Having no help with dealing with the language barrier often lead Latin American people to:

For those who can’t speak English fluently, it is indispensable to find information in their language and be able to access interpreting services when attending appointments. If non-English speaking patients are unable to find translators, they end up missing or rescheduling their appointments. This situation often leads to physical and mental health deterioration and further use of NHS resources. CLAUK advocates for the improvement of Latin Americans’ access to health services.

Civic engagement

Having worked to increase civic engagement through voter registration campaigns and hustings during all local and national elections since 2012, CLAUK understands that voting is not only a right that we should be able to exercise but also a means through which we can voice our concerns, support policies that represent our interests and empower ourselves.

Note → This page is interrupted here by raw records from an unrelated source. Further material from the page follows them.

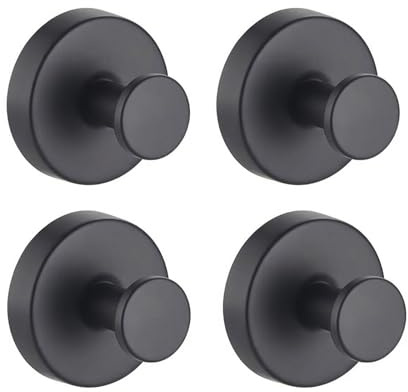waiao Artena Hooks Ventouse - Pack De 4 Crochets Muraux Sans Perçage, Acier Inoxydable 304, Crochets Salle De Bain Et Cuisine, Support Jusqu’à 7 Kg (Noir mat)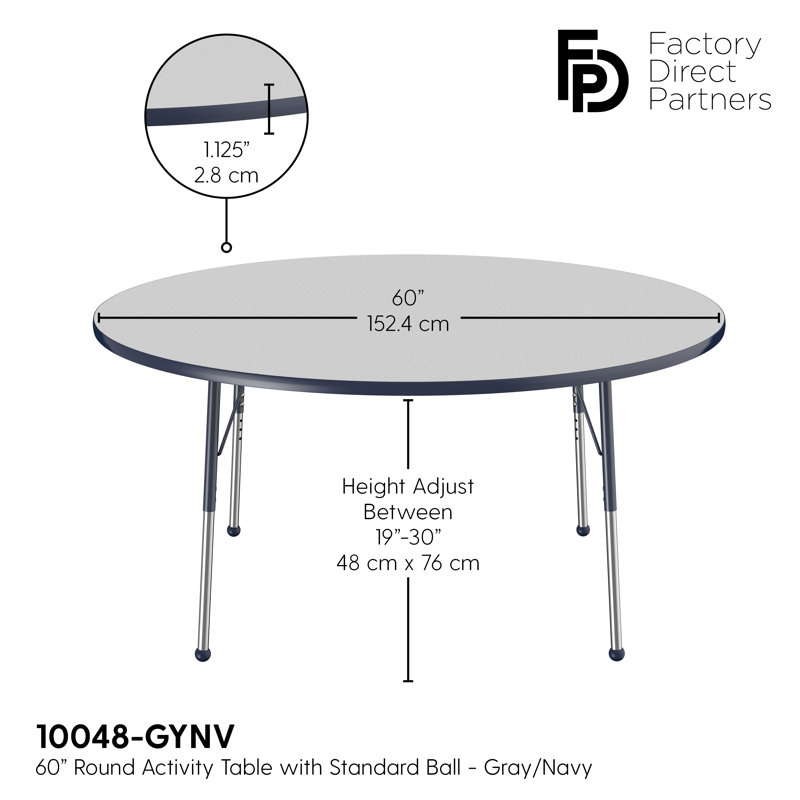 Table ronde à hauteur réglable, H 24 po x L 60 po x l 60 po, Gris / bleu marine, Standard Ball Glide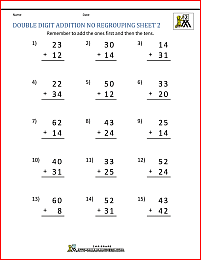 double digit addition no regrouping 2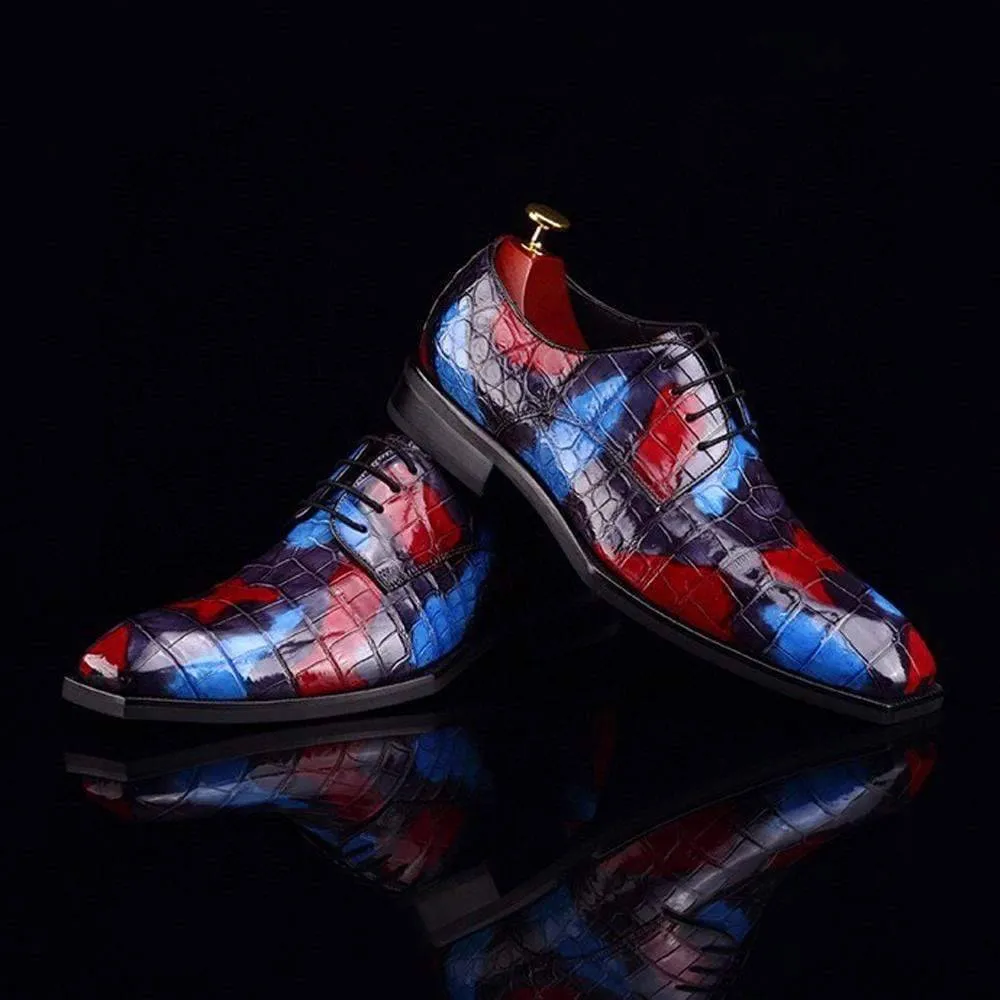 Crocodile Shoes Mens Multi Color Square Toe Lace Up Genuine Crocodile Leather Dress Shoe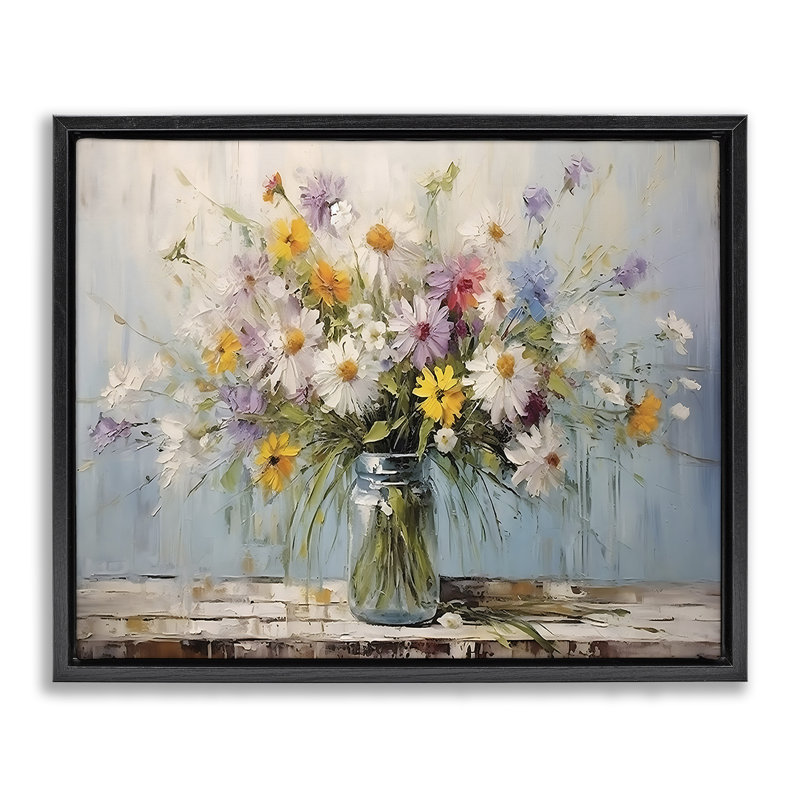  «Wildflower Bouquet in Jar», art mural encadré par Franklyn Gregory, Cadre flottant noir de jais, H 17 po x l 21 po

In doing so, the Coalition has mobilised public information to increase levels of civic engagement among the Latin American community, developing its own resources in community languages, in order to ensure full accessibility of information and a wider impact of outreach. Throughout, the Coalition has engaged with electoral themes from an apolitical and non-partisan standpoint, focusing on the benefits of democratic participation especially for our underrepresented and under registered communities.

Some examples of our past civic engagement activities and campaigns are shown below:

Voter ID and the Elections Act 2022

Partnering with the Greater London Authority, we created an awareness campaign with key information about the changes introduced by the Elections Act, and the challenges for the Latin American community in light of the impact to democratic rights.

London Voter Registration Week 2022 campaign

Promoting prepared materials from the Greater London Authority, translating assets into community languages as required, and spreading the word across each of our members’ organisations on the ways to register and the benefits of democratic participation.

Local elections 2021

We organised online workshops in Spanish and Portuguese on the Mayor and London Assembly elections, where we provided instructions on how to register to Vote, particularly targeting Latin Americans with EU passports

Brexit awareness campaign in 2020

CLAUK organised in-person workshops focused on information about rights after Brexit, European Union Settlement Scheme (EUSS) applications, and voter registration

London Elections 2014 and 2015

organising local debates and hustings with candidates from all parties.